Please copy exactly the line containing "Robe Midi Corset" and every line after it, through the last line of the records below, leaving out all pictures.

##### Extracted records #####

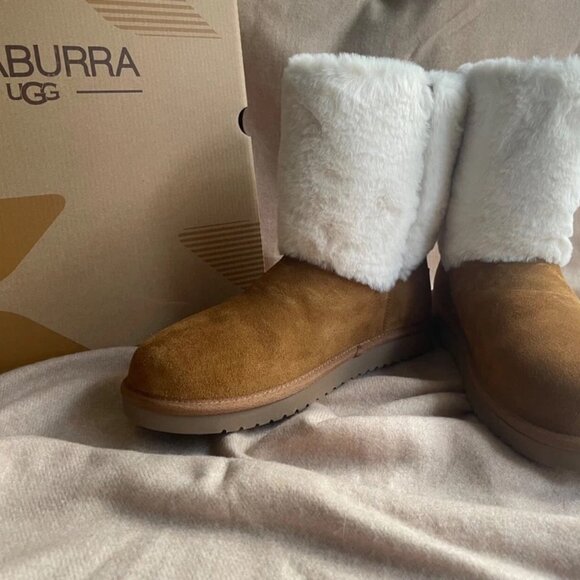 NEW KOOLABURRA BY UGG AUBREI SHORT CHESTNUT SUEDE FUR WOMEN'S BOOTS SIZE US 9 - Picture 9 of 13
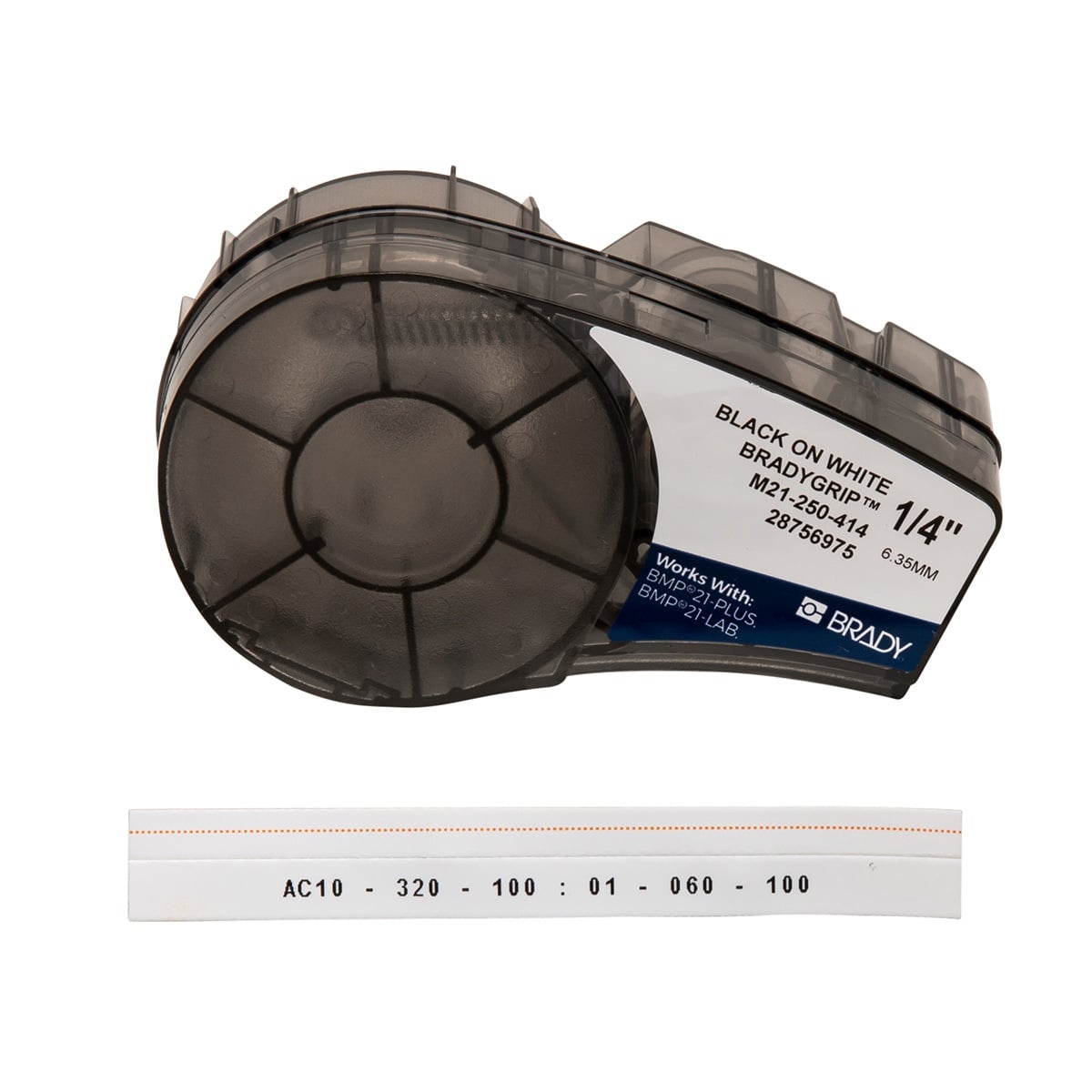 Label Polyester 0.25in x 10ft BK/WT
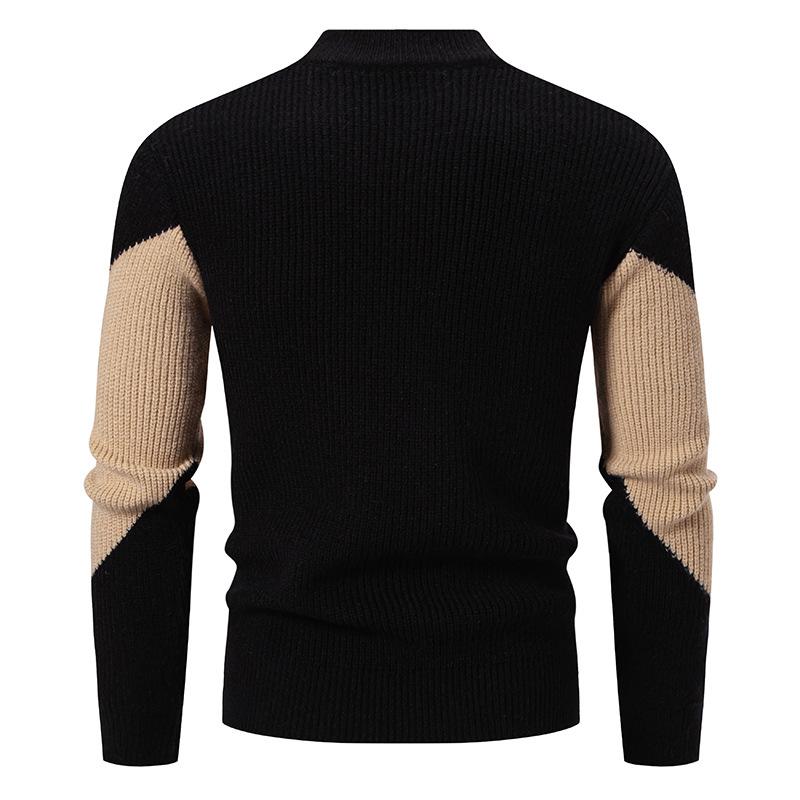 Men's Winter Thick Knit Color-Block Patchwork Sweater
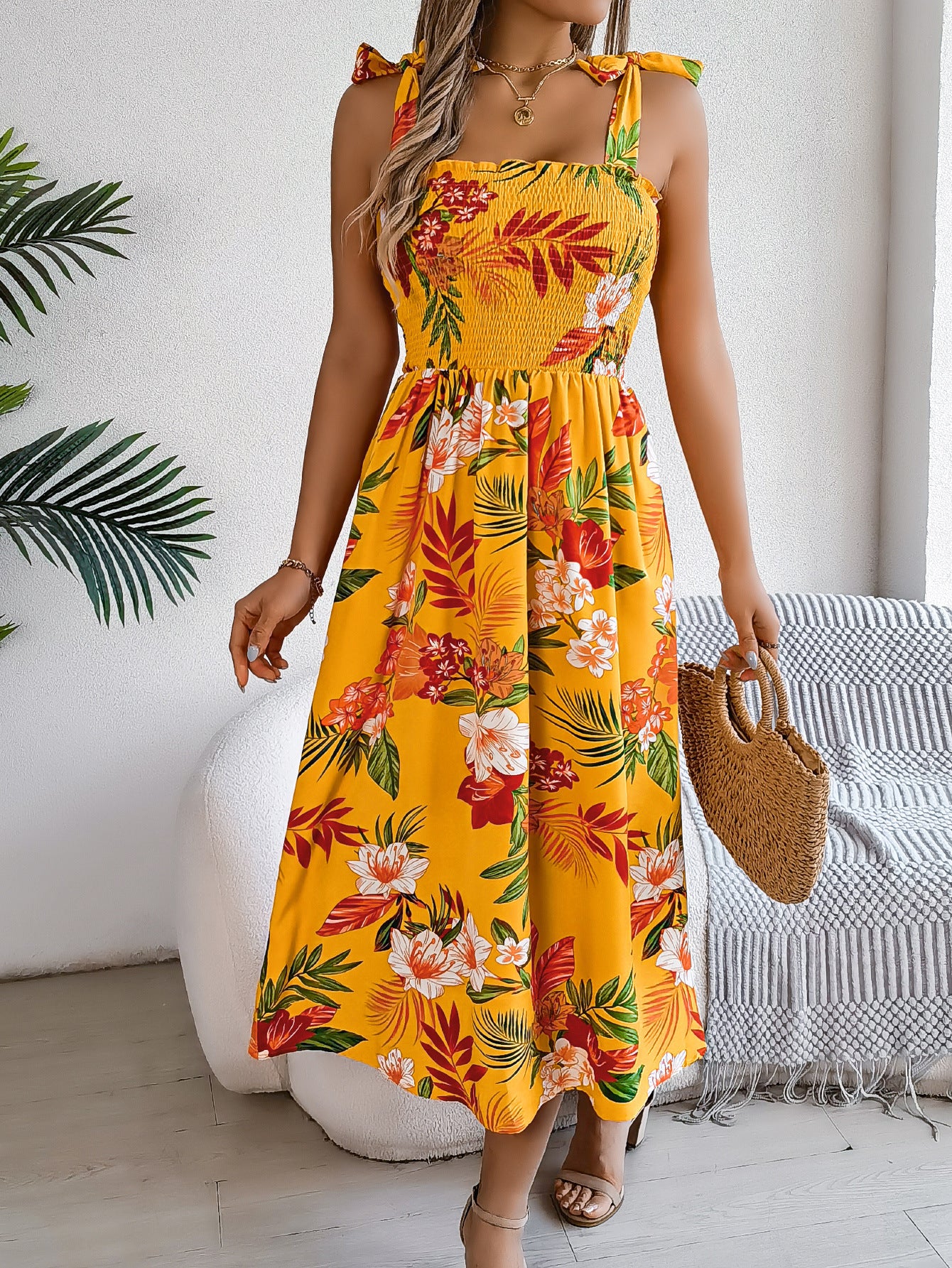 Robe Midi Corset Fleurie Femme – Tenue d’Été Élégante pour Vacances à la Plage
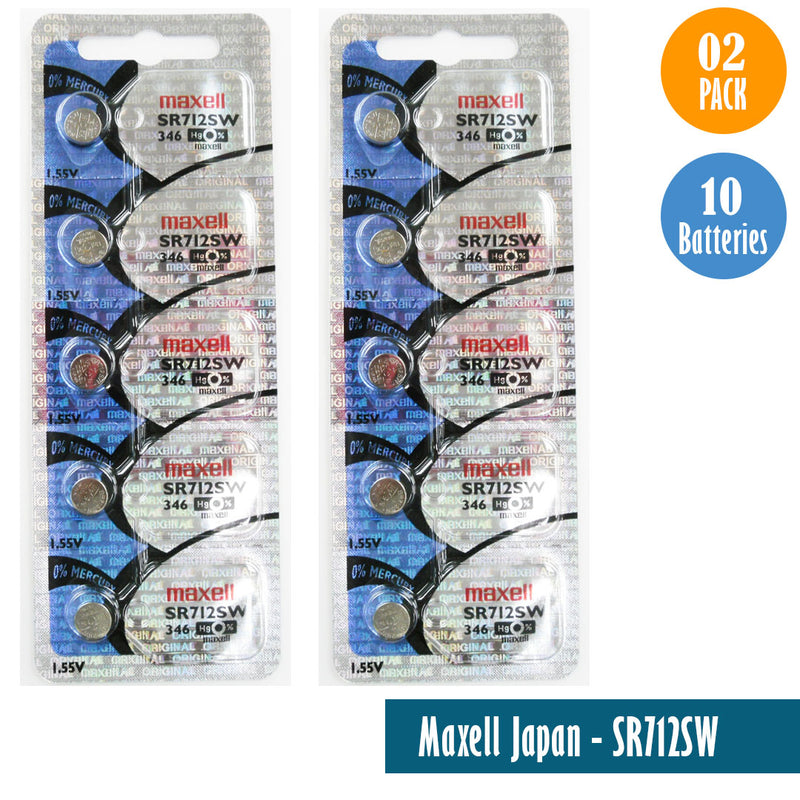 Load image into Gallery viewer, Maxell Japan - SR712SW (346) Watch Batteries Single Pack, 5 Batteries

#####

(Result below)
 Robe Midi Corset Fleurie Femme – Tenue d’Été Élégante pour Vacances à la Plage
 Load image into Gallery viewer, Maxell Japan - SR712SW (346) Watch Batteries Single Pack, 5 Batteries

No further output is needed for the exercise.